How to Use tar and gzip for Archiving Files

Short introduction

tar and gzip are the classic combination for packaging and compressing files on Unix-like systems. tar bundles multiple files and directories into a single archive, while gzip compresses that archive to save space. This guide shows practical commands, explanations, and examples so you can confidently create, inspect, and extract tar.gz files.

Understanding tar and gzip

What many beginners find confusing at first is that tar and gzip do two different jobs:

  • tar (tape archive) packages many files and directories into one file (commonly with a .tar extension).
  • gzip compresses a single file (commonly producing .gz).

You can use tar alone to create a .tar archive, gzip alone to compress a single file, or combine them so you end up with a compressed archive named something.tar.gz (or .tgz).

Example: create a .tar then compress it with gzip

# create a tar archive of "project" directory
tar -cf project.tar project/

# compress the tar file with gzip
gzip project.tar

# result: project.tar.gz
ls -l project.tar.gz

Or the most common shortcut: let tar call gzip for you (-z)

# create a gzip-compressed tarball in one step
tar -czf project.tar.gz project/

Flags explained (brief)

  • -c create, -x extract, -t list
  • -f FILE specify archive filename
  • -z filter through gzip
  • -v verbose output file names
  • -C change to directory (useful when extracting)

Creating archives with tar and gzip

Use tar to create archives and include options for verbosity, compression, and excluding files.

Basic examples

# create a compressed tarball with verbose output
tar -czvf backup-2025-10-01.tar.gz /home/you/documents

# same but without verbose (quieter)
tar -czf backup-2025-10-01.tar.gz /home/you/documents

Exclude patterns and controlling paths

# exclude node_modules and .git directories
tar -czf site.tar.gz --exclude='site/node_modules' --exclude='site/.git' site/

# create an archive without storing absolute paths (recommended)
cd /var/www
tar -czf /tmp/www.tar.gz html/ logs/

Using gzip compression levels (via gzip)

# default compression (balanced)
tar -czf archive.tar.gz dir/

# use gzip level 9 (max compression)
tar -I 'gzip -9' -cf archive.tar.gz dir/

# or compress after creating tar
tar -cf - dir/ | gzip -9 > archive.tar.gz

Notes:

  • Using tar -z is convenient.

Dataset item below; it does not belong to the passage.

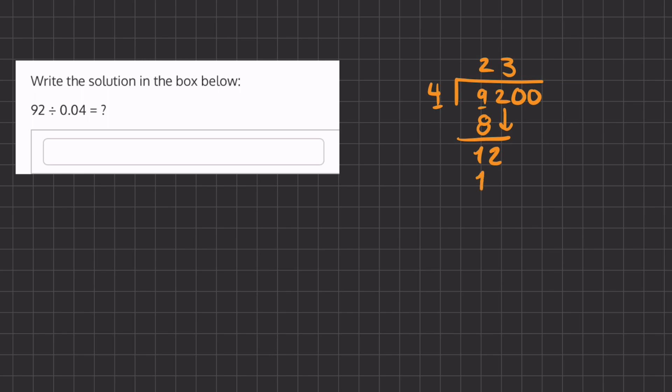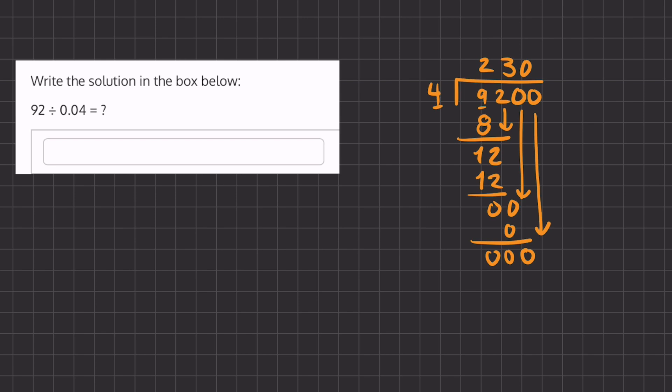Now we have a remainder of 0, and we'll carry down this 0. How many times does 4 go into 0? That is 0 times. And again, we'll have a remainder of 0, and we'll carry down our last 0. And so how many times does 4 go into 0? That is again 0 times.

For more control, pipe tar into gzip and pass gzip options (like -9) explicitly or use -I with GNU tar.

Extracting, listing, and testing archives

You’ll often want to peek at an archive before extracting, extract to a specific directory, or test integrity.

Listing contents

# list files inside a tar.gz without extracting
tar -tzvf archive.tar.gz

# show only names (less verbose)
tar -tzf archive.tar.gz

Extracting

# extract into current directory
tar -xzf archive.tar.gz

# extract to a specific directory
tar -xzf archive.tar.gz -C /tmp/extracted

# extract a single file from an archive
tar -xzf archive.tar.gz path/inside/archive/file.txt

Testing integrity

# test gzip integrity (does not fully decompress to disk)
gzip -t archive.tar.gz && echo "gzip OK" || echo "gzip corrupt"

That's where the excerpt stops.